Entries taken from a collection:
- - - - -
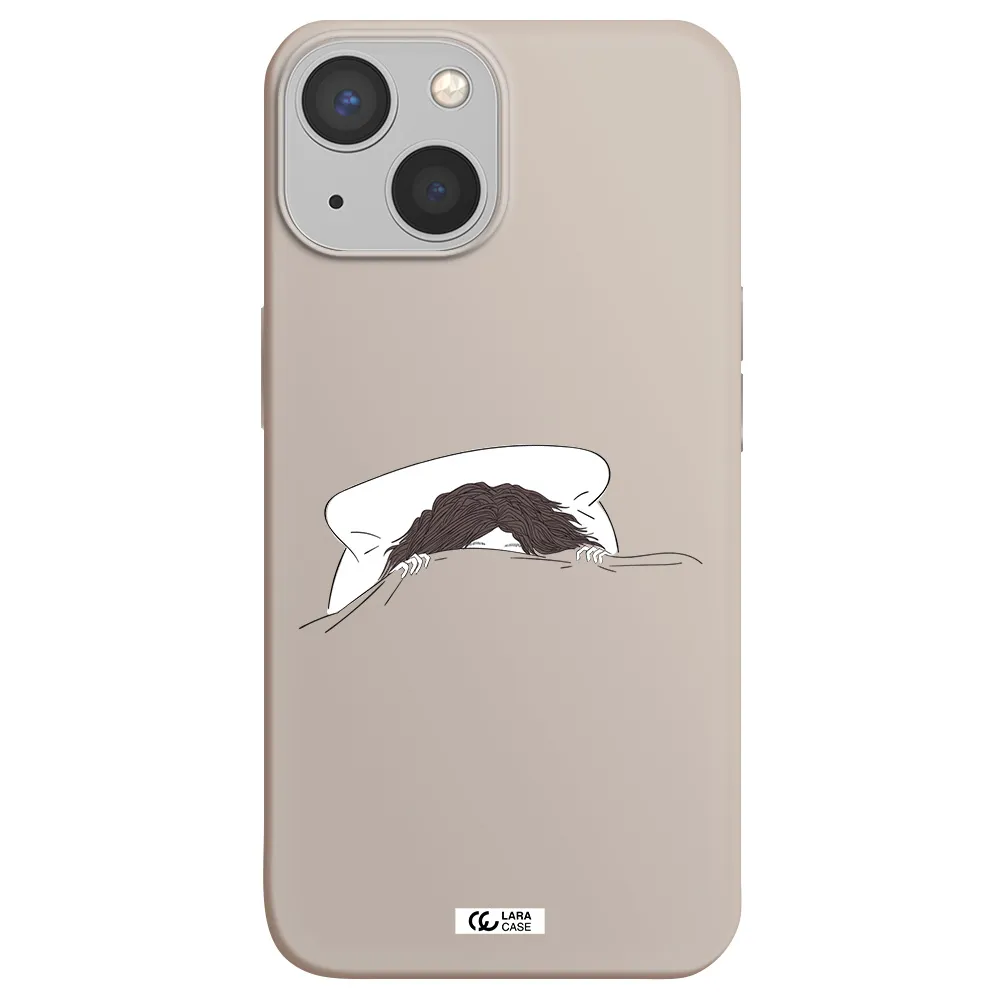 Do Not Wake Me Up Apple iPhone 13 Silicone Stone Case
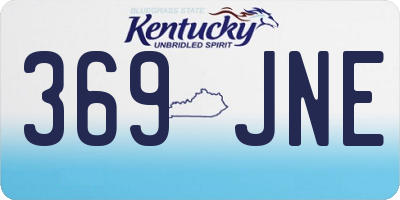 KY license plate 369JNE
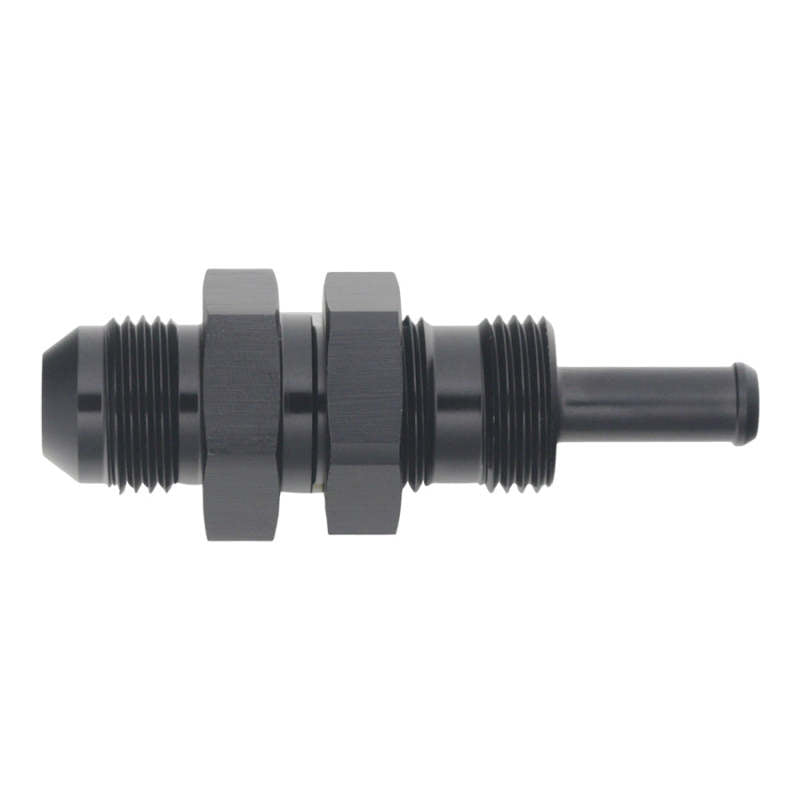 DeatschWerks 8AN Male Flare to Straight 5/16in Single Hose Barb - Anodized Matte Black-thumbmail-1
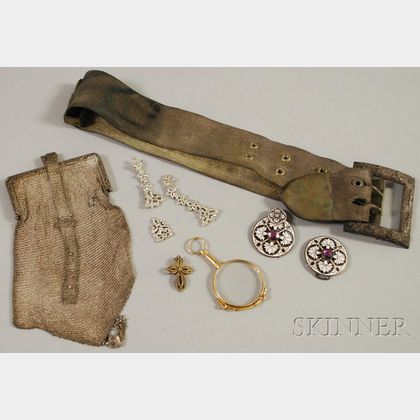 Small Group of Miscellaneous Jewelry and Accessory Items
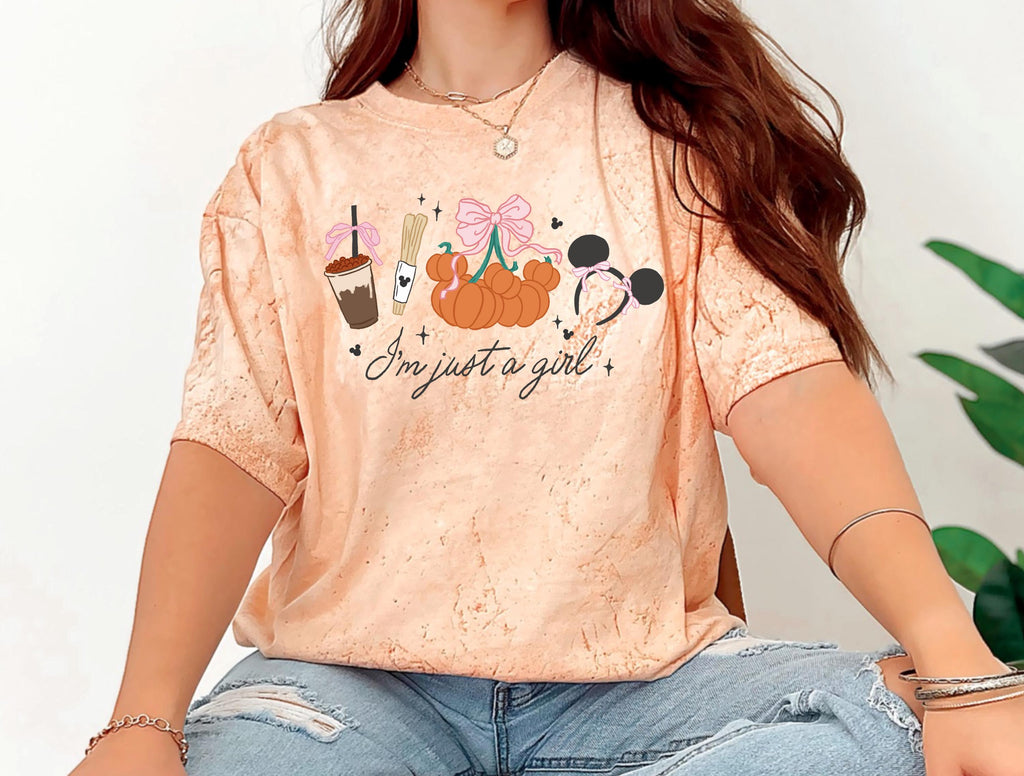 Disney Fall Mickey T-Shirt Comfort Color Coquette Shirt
- - - - -
Could you restate every entry above word for word, leaving out the pictures?

 Do Not Wake Me Up Apple iPhone 13 Silicone Stone Case
 KY license plate 369JNE
 DeatschWerks 8AN Male Flare to Straight 5/16in Single Hose Barb - Anodized Matte Black-thumbmail-1
 Small Group of Miscellaneous Jewelry and Accessory Items
 Disney Fall Mickey T-Shirt Comfort Color Coquette Shirt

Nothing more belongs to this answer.